Multi-threaded multi GPU computation using openMP and openACC

I'm trying to write a code that will port openmp thread to a single gpu. I found very less case studies /codes on this.Since I`m not from computer science background. I have less skills in programming.

This is how the basic idea look's like

And this is the code so far developed.

    CALL OMP_SET_NUM_THREADS(2)
!$omp parallel num_threads(acc_get_num_devices(acc_device_nvidia))
do while ( num.gt.iteration)

id = omp_get_thread_num()
call acc_set_device_num(id+1, acc_device_nvidia) 

    !!$acc kernels
    !error=0.0_rk
    !!$omp do
    !$acc kernels
    !!$omp do
    do j=2,nj-1
        !!$acc kernels  
        do i=2,ni-1
            T(i,j)=0.25*(T_o(i+1,j)+T_o(i-1,j)+ T_o(i,j+1)+T_o(i,j-1) )
        enddo
        !!$acc end kernels
    enddo
    !!$omp end do
    !$acc end kernels
    !!$acc update host(T,T_o)

    error=0.0_rk
    do j=2,nj-1
        do i=2,ni-1
            error = max( abs(T(i,j) - T_o(i,j)), error)
            T_o(i,j) = T(i,j)
        enddo
    enddo
    !!$acc end kernels
    !!$acc update host(T,T_o,error)
    
    iteration = iteration+1
    print*,iteration   , error 
    !print*,id
    
enddo
!$omp end parallel

Solution

There's a number of issues here.

First, you can't put an OpenMP (or OpenACC) parallel loop on a do while. Do while have indeterminant number to iterations therefor create a dependency in that exiting the loop depends on the previous iteration of the loop. You need to use a DO loop where the number of iterations is known upon entry into the loop.

Second, even if you convert this to a DO loop, you'd get a race condition if run in parallel. Each OpenMP thread would be assigning values to the same elements of the T and T_o arrays. Plus the results of T_o is used as input to the next iteration creating a dependency. In other words, you'd get wrong answers if you tried to parallelize the outer iteration loop.

For the OpenACC code, I'd suggest adding a data region around the iteration loop, i.e. "!$acc data copy(T,T_o) " before the iteration loop and then after the loop "!$acc end data", so that the data is created on the device only once. As you have it now, the data would be implicitly created and copied each time through the iteration loop causing unnecessary data movement. Also add a kernels region around the max error reduction loop so this is offloaded as well.

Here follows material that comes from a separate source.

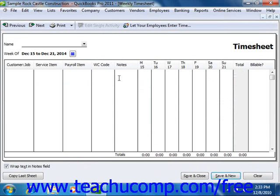In the weekly timesheet window, use the Name dropdown to select the name of the individual for whom you want to view or track time.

In general, I prefer using MPI+OpenCC for multi-GPU programming rather than OpenMP. With MPI, the domain decomposition is inherent and you then have a one-to-one mapping of MPI rank to a device. Not that OpenMP can't work, but you then often need to manually decompose the domain. Also trying to manage multiple device memories and keep them in sync can be tricky. Plus with MPI, your code can also go across nodes rather than be limited to a single node.